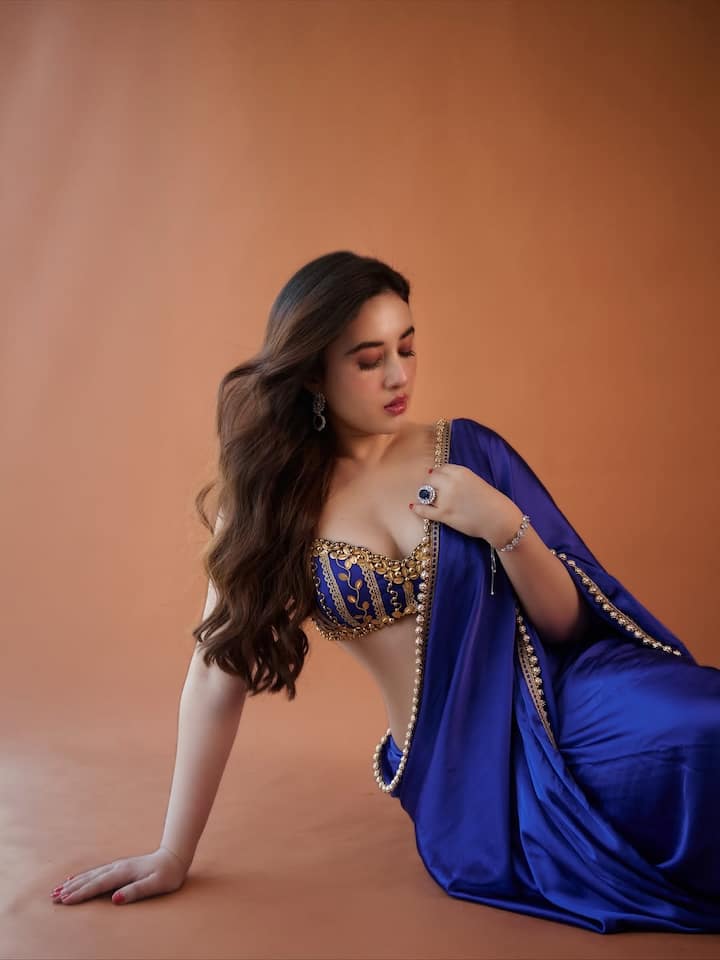આ દરમિયાન, મંગળવારે અદિતિ બુધાથોકીએ તેના સત્તાવાર ઇન્સ્ટાગ્રામ હેન્ડલ પર તેના લેટેસ્ટ ફોટા શેર કર્યા હતા. નેપાળી અભિનેત્રી આ ફોટામાં તેના સાડી લુકથી ફેન્સનું ધ્યાન આકર્ષિત કરી રહી છે.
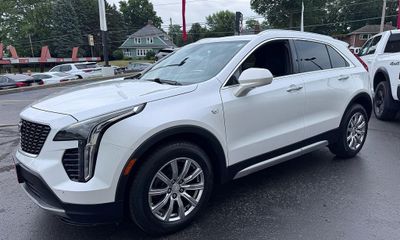 2019 Cadillac XT4 Premium Luxury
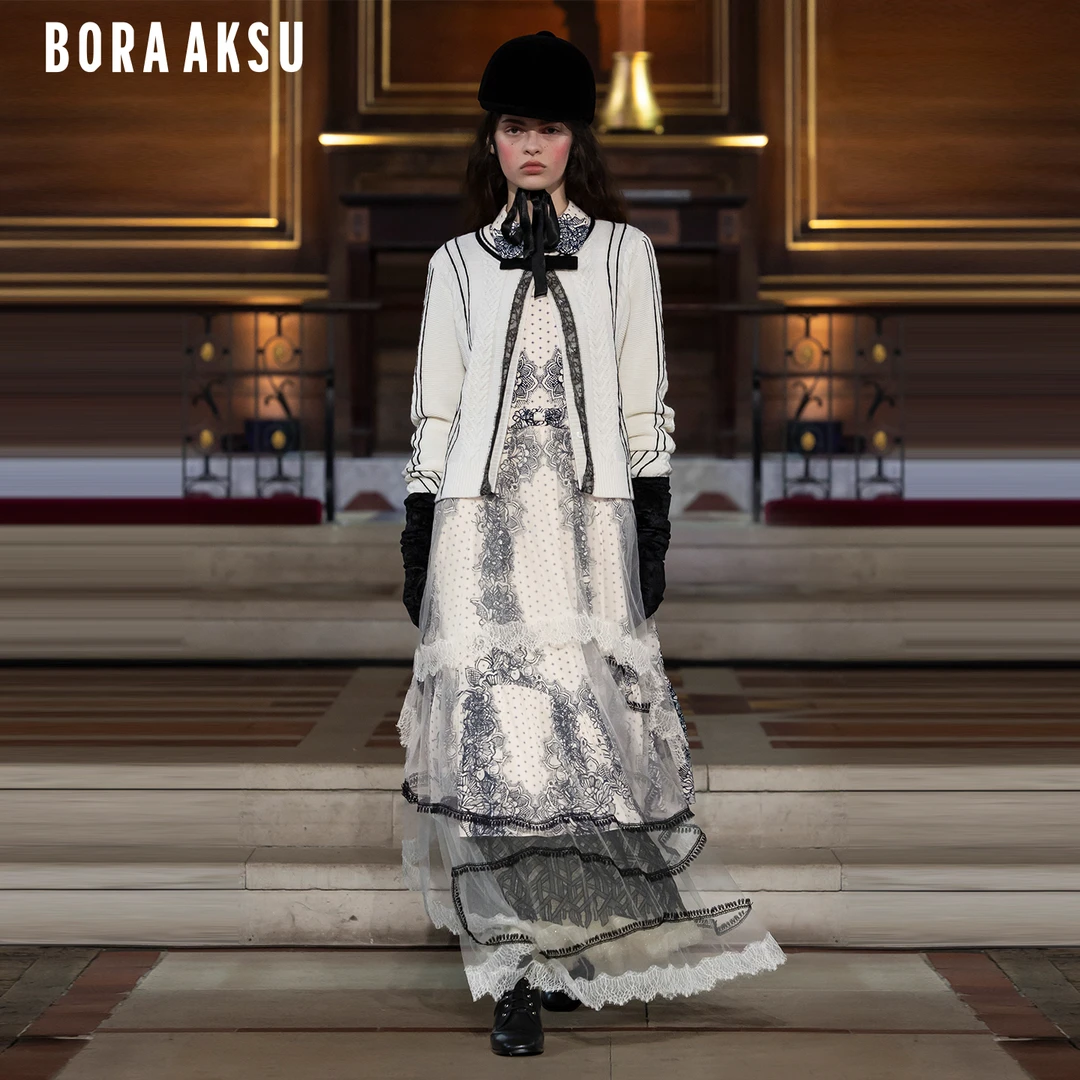 BORAAKSU2025秋季新品艺术法式波翻领泡泡袖浪漫连衣裙B1FGW61710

**What you are asked to do**
Print every line above exactly. Leave the pictures out.

**Reply to the exercise**
આ દરમિયાન, મંગળવારે અદિતિ બુધાથોકીએ તેના સત્તાવાર ઇન્સ્ટાગ્રામ હેન્ડલ પર તેના લેટેસ્ટ ફોટા શેર કર્યા હતા. નેપાળી અભિનેત્રી આ ફોટામાં તેના સાડી લુકથી ફેન્સનું ધ્યાન આકર્ષિત કરી રહી છે.
 2019 Cadillac XT4 Premium Luxury
 BORAAKSU2025秋季新品艺术法式波翻领泡泡袖浪漫连衣裙B1FGW61710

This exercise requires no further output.